=== Extracted data ===
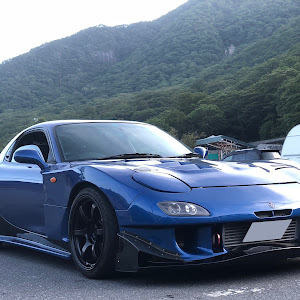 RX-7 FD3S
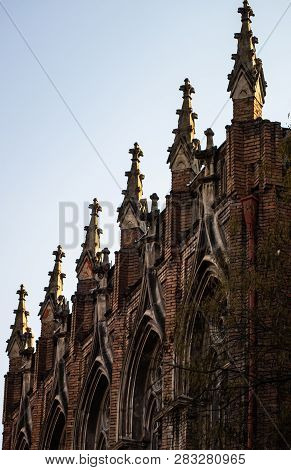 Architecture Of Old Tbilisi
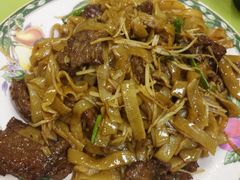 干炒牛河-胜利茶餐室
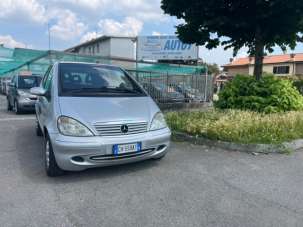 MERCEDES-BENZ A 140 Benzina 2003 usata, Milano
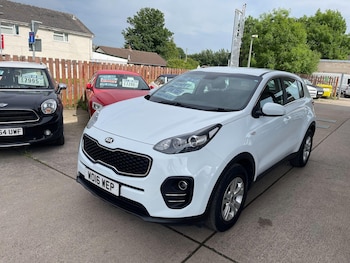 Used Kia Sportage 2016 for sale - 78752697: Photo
--
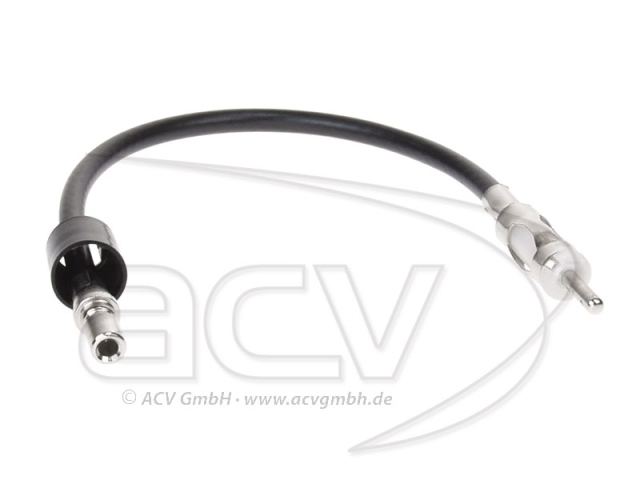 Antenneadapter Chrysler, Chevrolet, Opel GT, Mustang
...
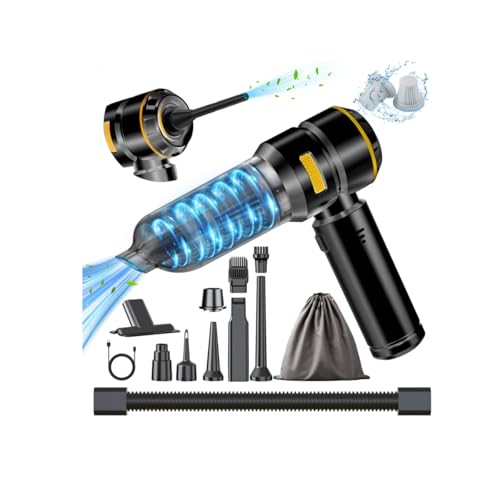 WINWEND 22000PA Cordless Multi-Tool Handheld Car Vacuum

=== Task instructions ===
Go back to the lines above and output, exactly as they stand, the ones from the line containing "MERCEDES-BENZ A 140" to the line containing "Used Kia Sportage". Leave all pictures behind.

=== Result of the exercise ===
 MERCEDES-BENZ A 140 Benzina 2003 usata, Milano
 Used Kia Sportage 2016 for sale - 78752697: Photo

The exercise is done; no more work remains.